Estuve de jurado en el festival de cine que se celebraba en las Palmas de Gran Canarias. Aquel año estuvieron invitados Susan Sarandon y Ed Harris y mientras almorzaba en un elegante restaurante frente al inmenso azul del cielo atlántico con mi amigo Arencibia, intelectual y uno de los organizadores del festival, un mesonero se detuvo ante nuestra mesa para saludar a mi amigo, a quien conocía y me fue presentado. En ese momento, hizo su entrada al restaurante una muy joven y bella actriz francesa invitada al festival acompañada de su agente publicitario, alto, apuesto y vestido de blanco. ¡Una pareja exquisita! El mesonero, al parecer cinéfilo empedernido o simple coleccionista de autógrafos, se estremeció de goce y admiración al percatarse de la presencia de la actriz cuyo nombre se me escapa porque lo más probable es que no haya hecho carrera, y dijo: «Voy a pedirle un autógrafo» y sin pensarlo dos veces nos dejó y se encaminó hacia la mesa de la celebrada y naciente actriz. Lo vimos de espalda inclinarse ante la muchacha, pero también vimos al agente publicitario agitar los brazos y pedirle con vigoroso aleteo de manos que se alejara. No podíamos escucharlo, pero era evidente que el elegante sujeto de blanco objetaba agriamente que aquel no era el mejor momento para pedir autógrafos; que estaba importunando a la bella actriz dispuesta a almorzar en paz. ¡Fuera!

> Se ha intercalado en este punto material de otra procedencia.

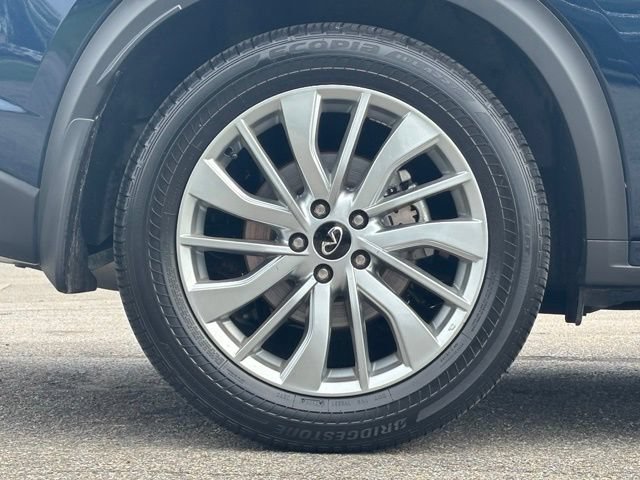 Used 2023 INFINITI QX50 Luxe AWD/4WD image 3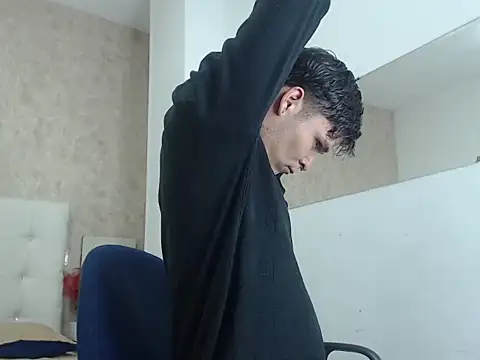 Aaron Foxxx online show from 12/18/25, 08:01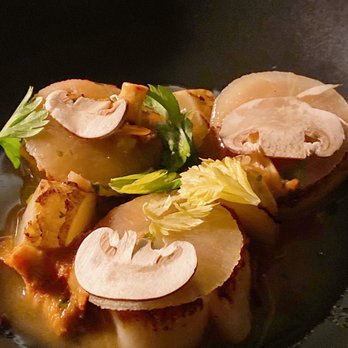 Spoon and Stable - Seared Scallops w/ hedgehog mushrooms, crab apples, sunchokes, & brown butter - New American Near Me - Minneapolis, Minnesota Spoon and Stable - Seared Scallops w/ hedgehog mushrooms, crab apples, sunchokes, & brown butter - New American Near Me - Minneapolis, Minnesota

Vimos regresar al mesonero humillado, con rostro enfurecido y torva mirada. Se detuvo un instante en nuestra mesa. No nos miró. «¡Nunca me han ofendido y maltratado tanto!», masculló y continuó su camino.
Arencibia se tomó su tiempo y me advirtió en tono casi admonitorio: «¡No te metas con un mesonero!». Minutos mas tarde, sin mirarnos, lo vimos pasar en dirección a la mesa de la actriz y dejar un plato frente al repelente acompañante de la francesita. Hizo una breve, suave y dócil reverencia y regresó con la mirada brillante y la malévola sonrisa de aquel chinito cocinero en el sucio barco venezolano en cabotaje por el verde esmeralda del mar Caribe. Pasó frente a nosotros sin detenerse, sin pronunciar palabra, pero henchido de íntimo goce. No volví a verlo.
Y mientras degustábamos nuestros postres, vimos al grosero, altivo y prepotente representante de la actriz levantarse apresuradamente rumbo a los sanitarios y escuché a Arencibia: ¿Viste? ¡Te dije que no tenemos por qué meternos con los mesoneros!